As the lead opinion argues against rendering the term "expected” superfluous by equating it with the term "intended,” I similarly find that the application of an objective standard of review places this Court in the position of redacting the phrase "from the standpoint of the insured” from the instant exclusionary clause. This Court is bound by the language of the exclusionary clause and should be reticent to introduce concepts of foreseeability, more appropriate in the arena of tort actions than in the realm of insurance.

I would also note that the lead opinion cites a number of decisions by the Court of Appeals, in addition to decisions from other jurisdictions, which have found it unnecessary in certain factual situations to engage in a subjective analysis and have inferred either an intent or expectation to injure as a matter of law.

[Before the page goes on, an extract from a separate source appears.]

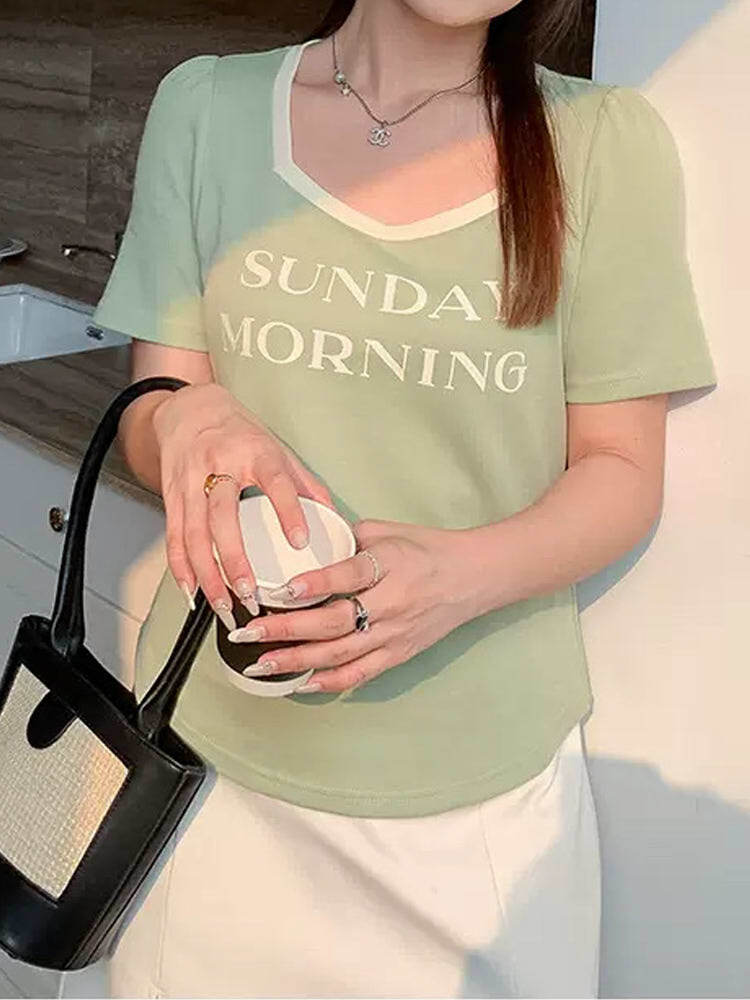 シンプルなのに映える一着 バイカラーフロントロゴカットソー カジュアル 大人かわいい スクエアネック 着回し 人気 大きいサイズ 韓国 CH9235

However, I disagree that the import of these decisions constitutes an engagement in theoretical exercise seeking to avoid a determination of an insured’s subjective intentions.10 Upon examination of these decisions, I observe that within the areas of child molestation and certain violent assaultive actions, because of the nature of the act itself, a number of , courts *730have found that the insured fell within the instant exclusionary clause as it was nearly impossible, even under a subjective standard, to find that the party could not have either intended or expected the harm which had been inflicted. However, while there are limited factual scenarios which may arguably lend themselves to such a determination, this does not erase the clear language of the exclusionary clause or the remaining multitude of instances in which a determination of the insured’s subjective state of mind is necessary. Further, the lead opinion fails to cite any authority that these decisions are indicative of an unworkable subjective standard, or that its approach is an exception which threatens to engulf the rule.

Accordingly, in the absence of explicit policy language to the contrary, I would hold that the appropriate standard of review to construe the instant exclusionary clause must be subjective:

[W]e decide that the "exclusion” from the foundational personal liability coverage afforded Dodge by his policy, as the exclusion is stated in the language "bodily injury . . . which is either expected or intended from the standpoint of the Insured,” refers only to bodily injury that the insured in fact subjectively wanted ("intended”) to be a result of his conduct or in fact subjectively foresaw as practically certain ("expected”) to be a result of his conduct. [Patrons-Oxford Mutual Ins Co v Dodge, 426 A2d 888, 892 (Me, 1981).]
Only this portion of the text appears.